入浴中にいきなり目の前がぼやけたり、暗くなったり、あるいは胸がドキドキしたときは、そのまま失神し、倒れて頭を打ったり、溺れたりしないために、すぐに浴槽から出て身をかがめるなど、低い姿勢をとって安静にし、迷わず誰かに助けを求めるのがいちばんです。
入浴前は家族にひと声かける
そのためには、入浴前に「これから風呂に入るから」などと、家族にひと声かけておくことです。一方の、声をかけられた家族は、浴室で変な物音がしないか、入浴時間がいつもより長くないかなど、異常の気配がないかどうか気にかけてあげることが大切です。

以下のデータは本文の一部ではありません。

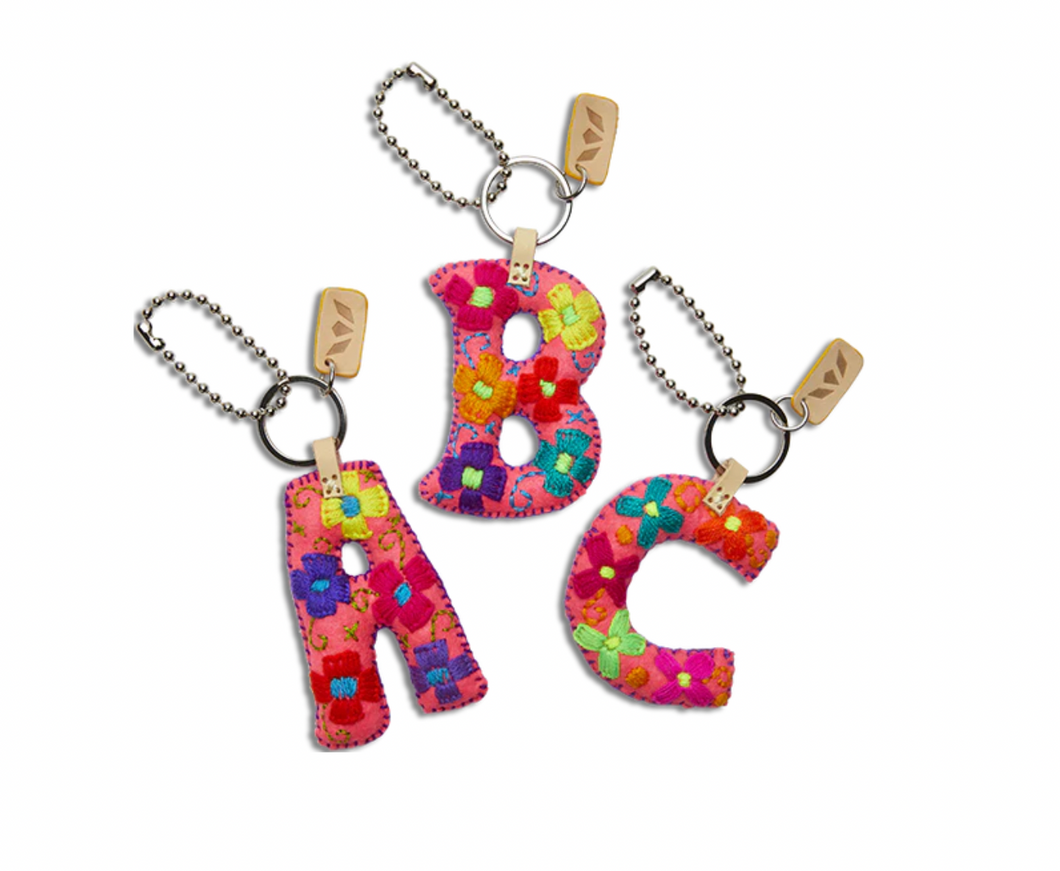 Consuela Pink Felt Initial Charm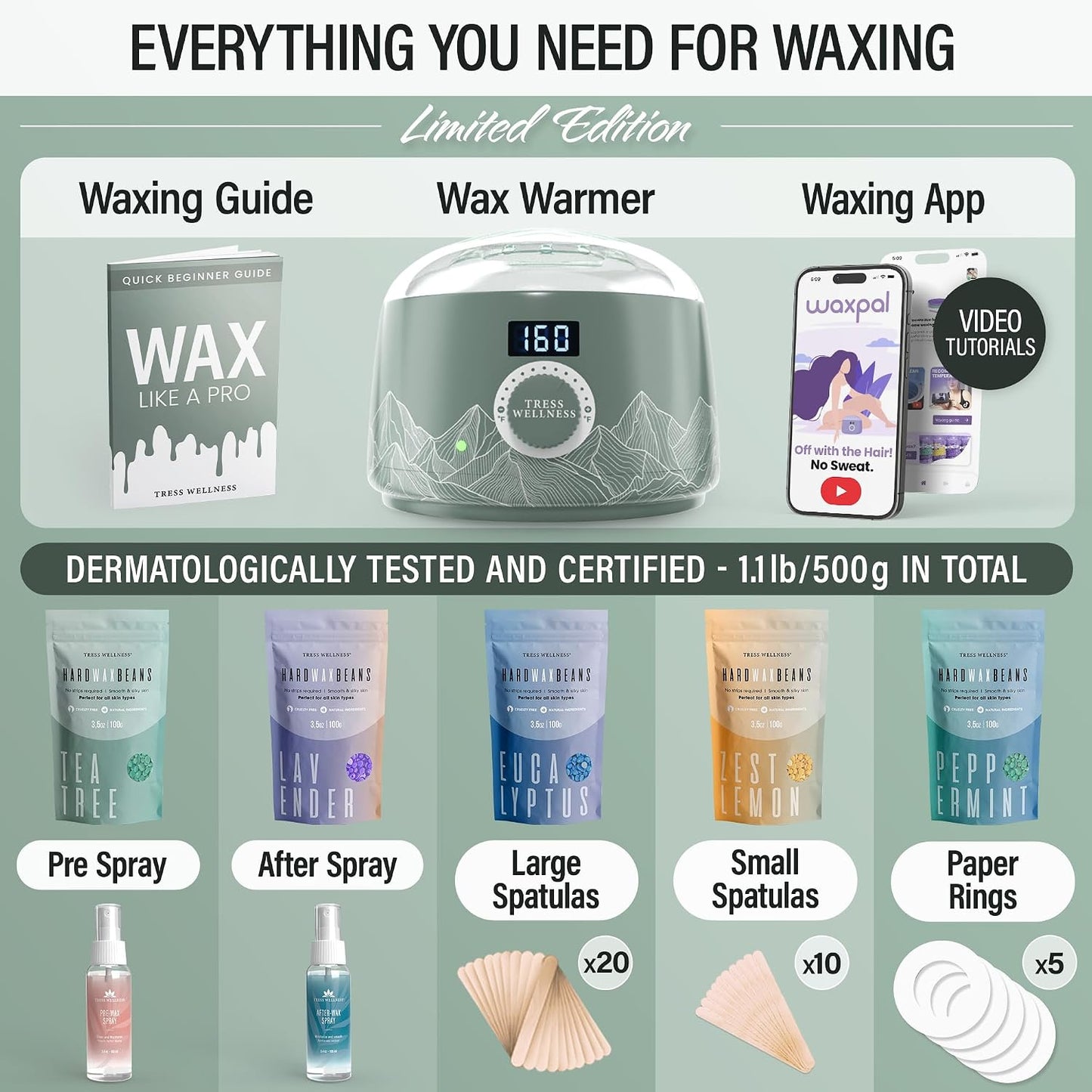 Tress Wellness Award Winning Waxing Kit for Sensitive Skin, Safe for Face & Skin, Easy to Use, At-Home Kit for Face, Bikini, Brazilian & Full Body - Digital Display, Black Purple Flower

何かあったときにいち早く助けを求められるように、浴室内の手の届きやすいところに、居間などにいる家族がすぐ気づけるような呼び鈴などを置いておくのも、一法です。
1人暮らしの場合は、ソフトバンクやNTTドコモといった通信各社が提供しているアプリ、あるいは「セコムみまもりホン」のようなセキュリティ会社の各種見守りサービスや緊急時対応サービスなどを事前にチェックし、活用するのもいいでしょう。
入浴中の家族が
ヒートショックになったら
入浴中の家族がめまいや立ちくらみを訴えたときは、むやみに動かさず、その場で横になってもらい、じっと安静にして症状が鎮まるのを待ちます。
待っている間はそこから離れずに、落ち着いて、静かに声をかけながら、手や腕を軽くさすってあげたり、顔がほてっているようなら、冷たすぎない濡れタオルを軽く当て、ほてりを軽くしてあげるといいでしょう。
声をかけても反応がない場合、あるいは激しい胸の痛み、あるいは頭痛を訴えるような重度の場合は、直ちにかかりつけ医に連絡して指示を仰ぐか、救急車を呼ぶことになります。
高血圧や心疾患があるなど、ヒートショックになるリスクの高い方は、ヒートショックを起こすことを想定して、あらかじめかかりつけ医らとの、いわゆる「人生会議」の話題として取り上げ、対応を話し合って方針を決めておけば、なお安心、かつ安全です。